**TASK BRIEF:** Restate word for word the lines of the data below, from the first through the one that has "دولت کبک برخی".
(DATA SHOWN Opens)
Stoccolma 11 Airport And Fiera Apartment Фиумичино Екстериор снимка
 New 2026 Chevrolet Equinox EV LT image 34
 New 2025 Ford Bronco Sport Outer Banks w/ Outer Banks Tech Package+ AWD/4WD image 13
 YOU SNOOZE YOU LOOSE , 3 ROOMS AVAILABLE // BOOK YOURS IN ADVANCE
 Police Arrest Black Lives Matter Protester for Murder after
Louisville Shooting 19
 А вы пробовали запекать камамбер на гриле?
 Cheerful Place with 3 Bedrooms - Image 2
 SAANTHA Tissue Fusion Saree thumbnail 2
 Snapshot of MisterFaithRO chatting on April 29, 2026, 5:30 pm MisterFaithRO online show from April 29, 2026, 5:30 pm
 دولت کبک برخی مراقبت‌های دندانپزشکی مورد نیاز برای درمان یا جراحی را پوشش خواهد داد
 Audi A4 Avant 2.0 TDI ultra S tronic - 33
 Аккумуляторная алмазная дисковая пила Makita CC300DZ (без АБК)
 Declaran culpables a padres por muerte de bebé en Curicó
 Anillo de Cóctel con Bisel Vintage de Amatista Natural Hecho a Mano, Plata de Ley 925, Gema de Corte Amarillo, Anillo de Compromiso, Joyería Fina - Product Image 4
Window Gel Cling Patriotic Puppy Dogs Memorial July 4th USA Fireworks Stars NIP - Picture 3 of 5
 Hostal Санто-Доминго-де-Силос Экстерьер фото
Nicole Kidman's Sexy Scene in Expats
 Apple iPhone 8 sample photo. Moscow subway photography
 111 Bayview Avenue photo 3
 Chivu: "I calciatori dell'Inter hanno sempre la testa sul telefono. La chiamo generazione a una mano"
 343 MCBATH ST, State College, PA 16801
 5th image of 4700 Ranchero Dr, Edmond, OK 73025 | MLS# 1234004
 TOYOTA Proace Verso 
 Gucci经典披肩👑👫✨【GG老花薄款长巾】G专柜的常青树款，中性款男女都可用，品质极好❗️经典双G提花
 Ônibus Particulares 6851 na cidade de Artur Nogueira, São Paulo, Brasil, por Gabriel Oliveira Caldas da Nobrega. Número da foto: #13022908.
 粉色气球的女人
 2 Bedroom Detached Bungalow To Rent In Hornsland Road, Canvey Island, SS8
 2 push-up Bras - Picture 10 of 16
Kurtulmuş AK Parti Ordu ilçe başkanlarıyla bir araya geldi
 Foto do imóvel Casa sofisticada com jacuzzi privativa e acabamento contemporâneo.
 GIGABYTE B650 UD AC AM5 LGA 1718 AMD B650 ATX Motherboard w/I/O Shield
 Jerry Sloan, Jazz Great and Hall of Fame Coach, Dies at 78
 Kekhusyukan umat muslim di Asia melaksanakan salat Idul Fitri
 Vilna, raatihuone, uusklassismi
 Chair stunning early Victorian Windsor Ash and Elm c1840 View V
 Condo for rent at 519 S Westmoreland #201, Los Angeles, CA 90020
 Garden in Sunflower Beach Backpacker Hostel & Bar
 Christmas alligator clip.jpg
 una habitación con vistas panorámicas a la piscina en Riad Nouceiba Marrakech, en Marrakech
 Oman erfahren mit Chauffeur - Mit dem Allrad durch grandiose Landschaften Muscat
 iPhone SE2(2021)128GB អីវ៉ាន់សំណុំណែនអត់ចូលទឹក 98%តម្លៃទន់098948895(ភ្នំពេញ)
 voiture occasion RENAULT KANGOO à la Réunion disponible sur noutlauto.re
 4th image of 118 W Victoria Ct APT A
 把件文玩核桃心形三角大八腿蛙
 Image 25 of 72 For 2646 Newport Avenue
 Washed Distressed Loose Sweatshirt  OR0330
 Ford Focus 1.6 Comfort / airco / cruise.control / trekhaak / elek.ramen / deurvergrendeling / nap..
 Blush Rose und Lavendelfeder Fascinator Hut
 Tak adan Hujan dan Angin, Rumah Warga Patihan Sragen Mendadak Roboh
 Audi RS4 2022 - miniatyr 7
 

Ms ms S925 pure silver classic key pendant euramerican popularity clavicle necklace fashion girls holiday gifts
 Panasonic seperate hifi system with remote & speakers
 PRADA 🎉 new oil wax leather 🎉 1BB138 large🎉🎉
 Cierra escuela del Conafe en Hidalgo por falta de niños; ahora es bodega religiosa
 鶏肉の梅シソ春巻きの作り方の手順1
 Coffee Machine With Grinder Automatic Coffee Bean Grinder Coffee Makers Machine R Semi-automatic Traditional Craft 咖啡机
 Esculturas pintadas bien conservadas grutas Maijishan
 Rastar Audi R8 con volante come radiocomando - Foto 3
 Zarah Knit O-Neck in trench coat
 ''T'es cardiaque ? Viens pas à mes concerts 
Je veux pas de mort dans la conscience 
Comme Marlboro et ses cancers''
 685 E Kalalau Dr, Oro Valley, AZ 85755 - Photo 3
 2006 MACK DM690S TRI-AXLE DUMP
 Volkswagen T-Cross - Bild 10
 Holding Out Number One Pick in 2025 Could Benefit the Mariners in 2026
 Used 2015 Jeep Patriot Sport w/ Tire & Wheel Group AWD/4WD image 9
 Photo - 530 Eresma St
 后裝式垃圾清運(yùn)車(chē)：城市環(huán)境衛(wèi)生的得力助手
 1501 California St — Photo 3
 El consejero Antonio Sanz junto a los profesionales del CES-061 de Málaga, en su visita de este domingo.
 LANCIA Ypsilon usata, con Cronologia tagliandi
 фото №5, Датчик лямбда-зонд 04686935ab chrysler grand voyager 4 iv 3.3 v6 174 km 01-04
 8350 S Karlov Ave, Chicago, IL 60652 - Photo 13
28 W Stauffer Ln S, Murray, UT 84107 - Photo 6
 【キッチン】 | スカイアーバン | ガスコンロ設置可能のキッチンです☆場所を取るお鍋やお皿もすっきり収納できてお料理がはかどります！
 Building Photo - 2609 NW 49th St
(DATA SHOWN Closes)
**ANSWER TO THIS TASK:**
Stoccolma 11 Airport And Fiera Apartment Фиумичино Екстериор снимка
 New 2026 Chevrolet Equinox EV LT image 34
 New 2025 Ford Bronco Sport Outer Banks w/ Outer Banks Tech Package+ AWD/4WD image 13
 YOU SNOOZE YOU LOOSE , 3 ROOMS AVAILABLE // BOOK YOURS IN ADVANCE
 Police Arrest Black Lives Matter Protester for Murder after
Louisville Shooting 19
 А вы пробовали запекать камамбер на гриле?
 Cheerful Place with 3 Bedrooms - Image 2
 SAANTHA Tissue Fusion Saree thumbnail 2
 Snapshot of MisterFaithRO chatting on April 29, 2026, 5:30 pm MisterFaithRO online show from April 29, 2026, 5:30 pm
 دولت کبک برخی مراقبت‌های دندانپزشکی مورد نیاز برای درمان یا جراحی را پوشش خواهد داد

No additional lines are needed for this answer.